VAT: Rivers Government Goes to S’Court, Wants Stay of Execution Nullified
The Rivers State government has urged the Supreme Court to set aside the Court of Appeal’s 10 September ruling ordering it and the Federal Inland Revenue (FIRS) to maintain status quo on the issue of Value Added Tax (VAT) collection, the subject matter of a pending appeal.
It also urged the apex court to disband the panel of the Court which gave the interim order and order another one to be constituted to hear the case.
The three-member panel of the Court of Appeal which issued the order being challenged at the Supreme Court by the Rivers State government was headed by Haruna Tsammani.
Peeved by the order, the Rivers State government, through its Attorney-General, approached the Supreme Court to seek an order nullifying the decision of the Court of Appeal and the reassignment of the appeal to a new panel.
The Rivers State government filed 10 grounds of appeal in its notice of appeal shared with journalists on Tuesday.
It maintained that the three-man panel of Justices of the Court of Appeal led by Mr Tsammani, had in their ruling, erred in law when they relied on the provisions of Section 6(6) of the 1999 Constitution and the inherent jurisdiction of the appellate court, to order all the parties to maintain status quo on the VAT dispute.

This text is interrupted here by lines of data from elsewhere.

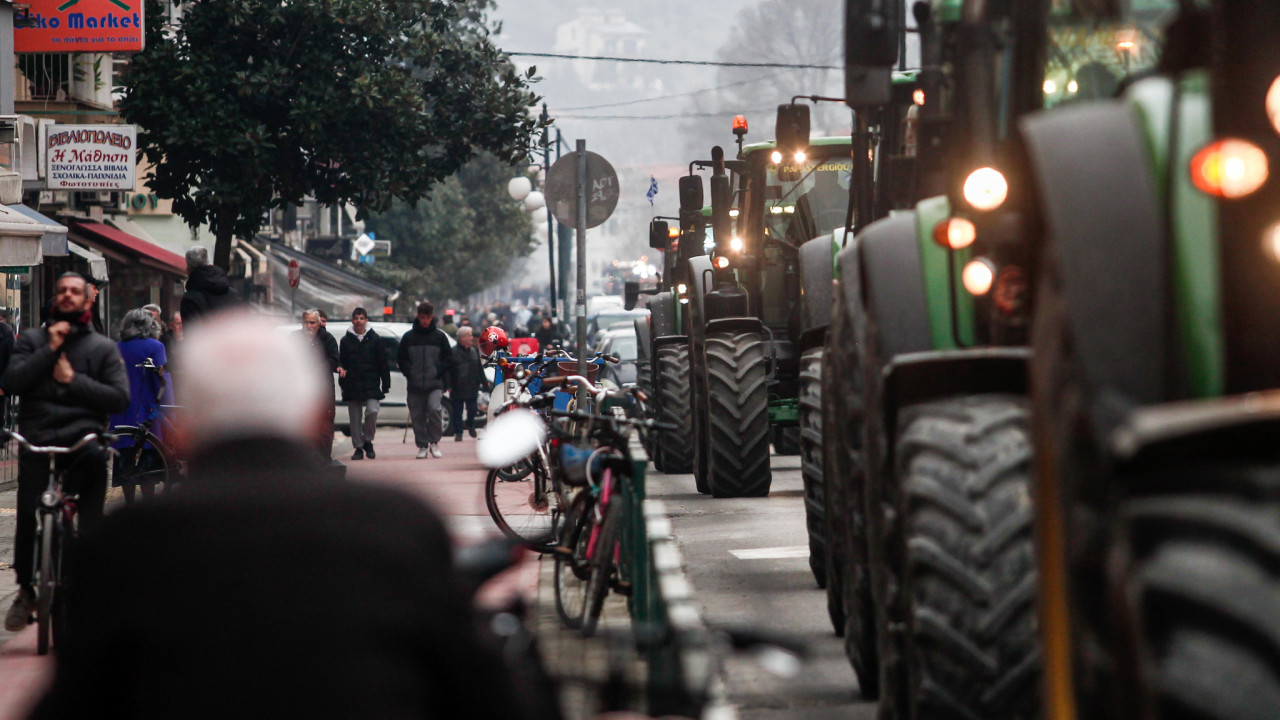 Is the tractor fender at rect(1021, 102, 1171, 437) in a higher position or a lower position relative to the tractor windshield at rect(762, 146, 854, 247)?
lower

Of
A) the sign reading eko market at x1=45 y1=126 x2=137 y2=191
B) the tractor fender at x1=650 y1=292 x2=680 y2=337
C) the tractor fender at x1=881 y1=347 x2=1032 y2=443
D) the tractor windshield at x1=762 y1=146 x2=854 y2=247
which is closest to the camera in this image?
the tractor fender at x1=881 y1=347 x2=1032 y2=443

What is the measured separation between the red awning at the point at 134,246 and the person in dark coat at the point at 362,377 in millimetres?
8233

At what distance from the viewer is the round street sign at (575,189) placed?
14.3m

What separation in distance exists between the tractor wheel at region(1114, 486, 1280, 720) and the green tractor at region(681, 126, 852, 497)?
9913mm

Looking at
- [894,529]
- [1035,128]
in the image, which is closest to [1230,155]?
[1035,128]

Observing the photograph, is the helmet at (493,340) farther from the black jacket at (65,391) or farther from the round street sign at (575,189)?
the black jacket at (65,391)

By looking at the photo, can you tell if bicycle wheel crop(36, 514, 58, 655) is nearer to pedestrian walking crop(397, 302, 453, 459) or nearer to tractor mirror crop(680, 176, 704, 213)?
tractor mirror crop(680, 176, 704, 213)

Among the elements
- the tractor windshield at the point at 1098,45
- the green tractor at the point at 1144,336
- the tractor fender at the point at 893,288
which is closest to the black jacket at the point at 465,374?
the tractor fender at the point at 893,288

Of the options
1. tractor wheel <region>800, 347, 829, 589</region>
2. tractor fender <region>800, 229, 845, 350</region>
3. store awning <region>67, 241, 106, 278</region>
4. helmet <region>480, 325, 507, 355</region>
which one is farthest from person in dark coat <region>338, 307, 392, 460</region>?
tractor wheel <region>800, 347, 829, 589</region>

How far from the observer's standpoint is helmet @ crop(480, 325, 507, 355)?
2081 centimetres

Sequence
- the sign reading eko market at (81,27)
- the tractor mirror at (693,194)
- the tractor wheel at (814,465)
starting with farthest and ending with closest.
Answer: the sign reading eko market at (81,27), the tractor mirror at (693,194), the tractor wheel at (814,465)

The Rivers State government also said the Court of Appeal lacked the powers to restore the parties to the position they were before the judgement of the Federal High Court in Port Harcourt in the suit marked FHC/PH/CS/149/2020.
The Federal High Court judgement which favoured VAT collection by the Rivers State government was delivered on 9 August
“The learned Justices of the Court of Appeal, in relying on the inherent jurisdiction of the court to make the order on the subject matter of this appeal, failed to appreciate that the inherent jurisdiction of the court cannot be applied in contravention of statutory provisions.

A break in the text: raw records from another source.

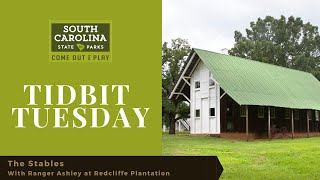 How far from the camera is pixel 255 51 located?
6225cm

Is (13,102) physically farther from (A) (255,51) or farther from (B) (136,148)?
(A) (255,51)

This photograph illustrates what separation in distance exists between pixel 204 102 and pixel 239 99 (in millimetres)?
4934

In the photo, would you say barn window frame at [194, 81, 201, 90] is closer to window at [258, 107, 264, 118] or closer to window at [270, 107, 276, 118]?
window at [258, 107, 264, 118]

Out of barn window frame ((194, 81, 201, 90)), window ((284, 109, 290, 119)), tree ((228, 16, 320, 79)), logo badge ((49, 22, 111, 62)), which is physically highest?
tree ((228, 16, 320, 79))

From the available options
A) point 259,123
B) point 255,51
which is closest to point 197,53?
point 259,123

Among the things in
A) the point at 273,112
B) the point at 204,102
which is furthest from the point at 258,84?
the point at 204,102

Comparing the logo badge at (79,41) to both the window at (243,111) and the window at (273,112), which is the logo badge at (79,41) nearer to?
the window at (243,111)

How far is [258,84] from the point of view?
33875mm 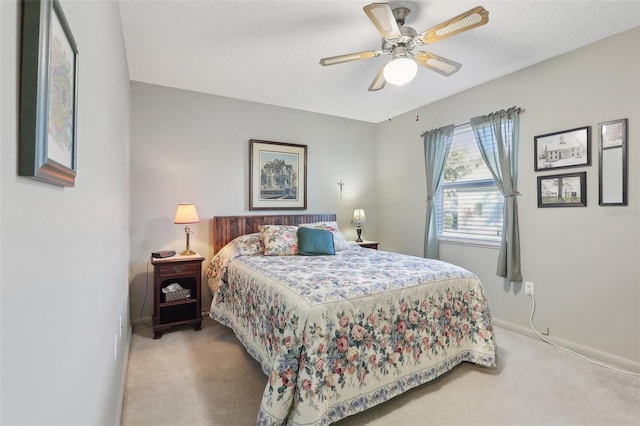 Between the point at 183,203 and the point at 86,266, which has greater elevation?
the point at 183,203

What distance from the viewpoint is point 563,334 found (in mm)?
2840

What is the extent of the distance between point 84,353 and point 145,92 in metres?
3.21

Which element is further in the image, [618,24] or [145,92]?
[145,92]

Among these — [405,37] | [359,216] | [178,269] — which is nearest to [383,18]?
[405,37]

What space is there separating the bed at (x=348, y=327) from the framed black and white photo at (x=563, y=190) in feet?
3.89

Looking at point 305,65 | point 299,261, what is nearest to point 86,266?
point 299,261

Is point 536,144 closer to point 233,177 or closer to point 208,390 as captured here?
point 233,177

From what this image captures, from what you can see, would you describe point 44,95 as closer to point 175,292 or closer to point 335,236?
point 175,292

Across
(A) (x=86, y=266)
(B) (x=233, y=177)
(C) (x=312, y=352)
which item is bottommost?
(C) (x=312, y=352)

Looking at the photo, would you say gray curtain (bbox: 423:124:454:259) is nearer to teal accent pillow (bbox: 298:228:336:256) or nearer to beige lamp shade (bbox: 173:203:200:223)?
teal accent pillow (bbox: 298:228:336:256)

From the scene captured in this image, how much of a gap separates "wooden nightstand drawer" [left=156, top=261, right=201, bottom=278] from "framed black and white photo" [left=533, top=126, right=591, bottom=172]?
3.50m

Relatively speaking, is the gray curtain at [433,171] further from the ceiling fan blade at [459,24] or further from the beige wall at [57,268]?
the beige wall at [57,268]

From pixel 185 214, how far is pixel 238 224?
0.70 meters

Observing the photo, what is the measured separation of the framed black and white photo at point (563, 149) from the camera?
106 inches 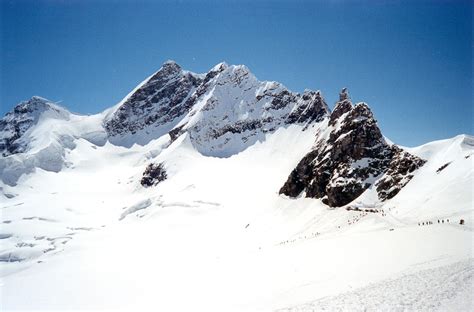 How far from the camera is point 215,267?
1420 inches

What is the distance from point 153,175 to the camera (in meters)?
126

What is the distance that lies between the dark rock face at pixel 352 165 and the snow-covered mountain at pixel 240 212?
31cm

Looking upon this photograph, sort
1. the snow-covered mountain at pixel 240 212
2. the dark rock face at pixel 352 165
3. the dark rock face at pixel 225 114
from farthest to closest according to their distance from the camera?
the dark rock face at pixel 225 114 → the dark rock face at pixel 352 165 → the snow-covered mountain at pixel 240 212

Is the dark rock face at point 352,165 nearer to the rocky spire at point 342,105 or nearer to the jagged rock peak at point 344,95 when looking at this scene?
the rocky spire at point 342,105

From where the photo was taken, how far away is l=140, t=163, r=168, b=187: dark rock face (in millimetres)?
123225

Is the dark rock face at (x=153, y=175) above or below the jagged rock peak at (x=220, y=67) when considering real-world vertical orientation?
below

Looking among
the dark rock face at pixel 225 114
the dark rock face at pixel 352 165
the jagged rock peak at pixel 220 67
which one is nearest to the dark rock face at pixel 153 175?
the dark rock face at pixel 225 114

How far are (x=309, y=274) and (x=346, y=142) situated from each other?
50.1m

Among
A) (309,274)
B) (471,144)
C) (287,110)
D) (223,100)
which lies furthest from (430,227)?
(223,100)

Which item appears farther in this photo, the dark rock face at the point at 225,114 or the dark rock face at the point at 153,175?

“The learned Justices of the Court of Appeal failed to appreciate the nature of inherent jurisdiction and that it cannot be invoked to circumvent the clear provisions of the statute as it was done with regards to Order 6 Rule 1 of the Court of Appeal Rules 2016 in this case”.
It argued that the appellate court panel failed to take into account a decision of the Supreme Court in SHUGABA V. UNION BANK (1999) to the effect “that no court has an inherent jurisdiction (except in extreme circumstances) to set aside the exercise of discretion of another court with regards to order made in respect of the application for stay of execution.”

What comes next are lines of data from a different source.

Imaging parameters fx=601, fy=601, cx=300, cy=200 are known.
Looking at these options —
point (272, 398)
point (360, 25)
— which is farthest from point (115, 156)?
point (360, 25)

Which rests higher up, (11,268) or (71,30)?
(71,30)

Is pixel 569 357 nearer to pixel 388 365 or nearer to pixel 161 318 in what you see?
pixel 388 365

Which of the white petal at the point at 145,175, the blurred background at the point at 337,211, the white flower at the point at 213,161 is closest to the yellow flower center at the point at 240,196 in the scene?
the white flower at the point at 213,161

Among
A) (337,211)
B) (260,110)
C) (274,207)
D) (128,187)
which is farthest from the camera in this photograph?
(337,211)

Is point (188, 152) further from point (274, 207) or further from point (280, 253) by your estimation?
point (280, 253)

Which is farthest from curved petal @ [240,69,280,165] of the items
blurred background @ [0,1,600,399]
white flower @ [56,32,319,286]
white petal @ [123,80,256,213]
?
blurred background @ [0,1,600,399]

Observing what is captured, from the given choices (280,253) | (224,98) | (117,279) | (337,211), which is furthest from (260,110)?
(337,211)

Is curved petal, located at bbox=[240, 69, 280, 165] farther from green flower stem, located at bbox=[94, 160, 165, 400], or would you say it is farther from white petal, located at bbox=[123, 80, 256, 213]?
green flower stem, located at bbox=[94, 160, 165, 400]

It added that the Court of Appeal panel erred in law when they wrongly assumed jurisdiction to entertain on the oral application that counsel of the FIRS made for the maintenance of status quo by parties in the dispute, inspite of the fact that condition precedent for the invocation of the inherent jurisdiction of the appellate court was not fulfilled by the 1st respondent (FIRS).
According to the state government, the appellate court, by proceeding “to make far-reaching decision”, based on the oral application by FIRS, denied it a fair hearing.
It said the panel, by relying on the oral application to order the maintenance of status quo, which effectively operated as a stay of execution and as an injunction against the declaratory orders of the Federal High Court, occasioned a miscarriage of justice, to its prejudice.
It urged the Supreme Court to order that the FIRS’ appeal against the High Court judgement that stripped the federal government’s tax collection agency of the right to collect VAT in the state, be heard by a fresh panel.
In the appeal filed on behalf of Rivers State by Emmanuel Ukala, a Senior Advocate of Nigeria (SAN), the Attorney General of the Federation, was listed as a respondent in the appeal.
The Federal High Court in Port Harcourt had in a recent landmark judgment, held that it was unconstitutional for the FIRS to collect VAT and personal income tax in Rivers State.
Besides that, the court ruled that Rivers State government, and not the agent of the Federal Government – the FIRS – was authorised by the Nigerian Constitution to collect personal income tax in the state, newsmen had reported.
Buoyed by the court order, both Governor Wike of Rivers State and Governor Babajide Sanwo-Olu of Lagos State had signed into law bills authorising the state governments to collect VAT, a move being resisted by the FIRS.
But the FIRS had filed an appeal against the Federal High Court judgement.
The appeal led to the 10 September order of the Court of Appeal asking parties to the case to maintain the status quo.
In giving reasons for the order, the appellate court explained that the order was to preserve the ‘Res’ (subject matter) of the appeal before it.
It also said all the parties that had submitted themselves to the court’s jurisdiction, to “refrain from taking any action to give effect to the judgement of the Federal High Court”, which authorised the Rivers State government to collect VAT revenue, instead of the FIRS.
Lagos State which was not part of the case from the Federal High Court had applied to be joined in the appeal.
The joinder application was adjourned till 16 September for hearing.